5th May 2020
On the one hand it is such a straight forward word. We can all understand more or less what it means and probably have images and ideas that we attribute and personify it with. On the other hand, will we ever truly attain it or understand it in all its capacity? It is at once a mangificent, transcendent concept that is not limited by fallable things while also being a concept equated with excellence and all that is wonderful. As a creative person – a writer, doodler, sketcher, dreamer – it is a double-edged sword that I hold in between my fingers when I try to create.
I want to do the best that I can at any given moment when I am creating something. I take up my perfectionism and prepare to fight my paper battles with it. But silly me, I hold it like a pen and expect it to fulfill the same purpose. At first it cuts cleanly and I am satisfied with its initial strokes. But as I press it further my fingers begin to sting and suddenly I can do no more and go no further for the pain and blood besmirch my work. But the blood is clear and I don’t see it. I return after a time and go back to gripping the blade. I will adjust its angle and polish it a little in the hopes that my block is only temporary.
This gets me nowhere. It is unpleasant for my creative hands and heart as it is for the utensil that I am misusing.
Perfection should only be an inspiration. Something to work towards. Not the focus of the journey itself, nor the tool we use to create. Creativity should happen for creativity’s sake. Refinement will come later. Perfection, I believe, we may only catch glimpses of. We will never know it in its fullness within this life. To try and force it and live in fear of anything which does not attain it is only detrimental. Even writing this post I must try and quench my desire to over-edit and analyse. To keep this little piece of writing locked up as a dusty draft that may never see the light of day.
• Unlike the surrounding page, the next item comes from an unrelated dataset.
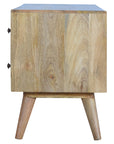 Odda Mango Wood TV Unit in Oak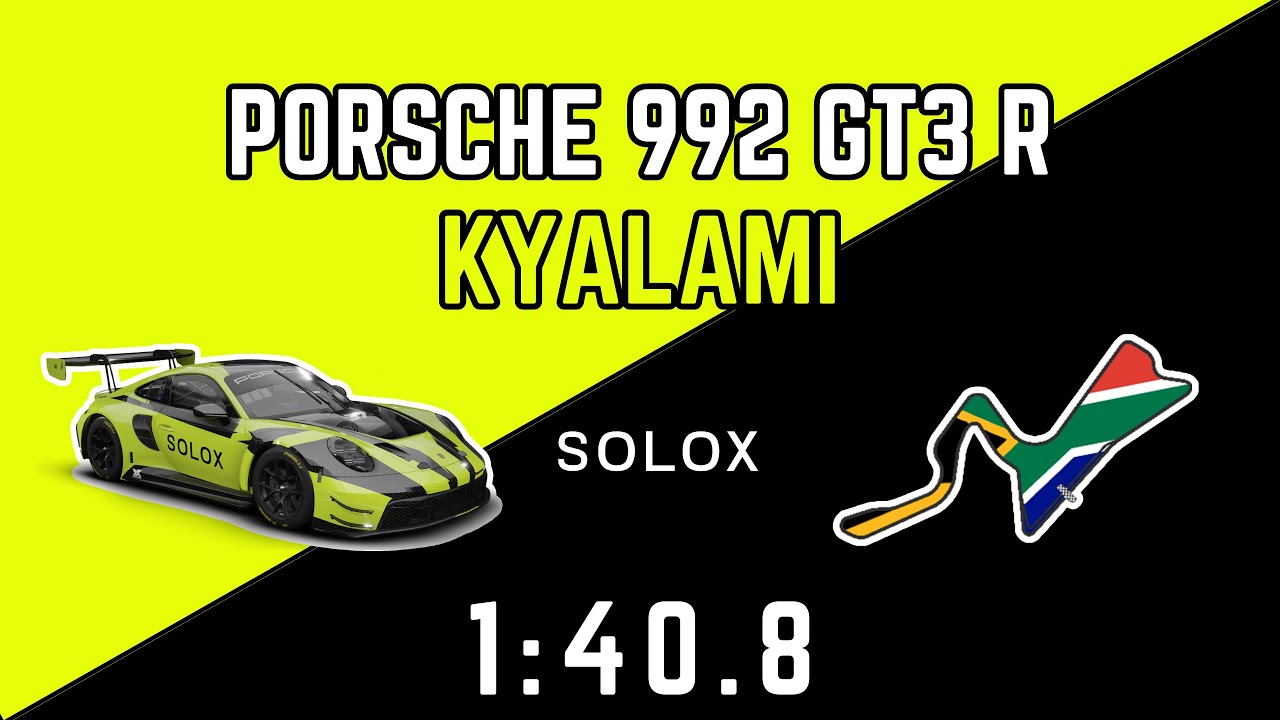 ACC Porsche 992 GT3 R Kyalami | 1.40.8 Hotlap + Setup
I feel a little bit like a mad scientist who hides the chimeras he has created rather than allowing them to live freely because he is disappointed that they are not perfect creations. He is so busy looking to make an idealised prototype which exists only in his mind that he won’t take a moment to notice and nurture the curiosity and quirks in the creatures he has already given life to.
I need to learn to put down the sword and take up the pen or pencil. They are entirely different tools whose essence is built upon smudges, scribbles, strike-throughs and lines that might not be in the right place. The sword of perfection will ultimately lead to nothing more than torn paper and bloody fingers if I try and create with it, instead of mounting it on my wall and looking to it for inspiration while accepting the fallibility of my own being and all that I create.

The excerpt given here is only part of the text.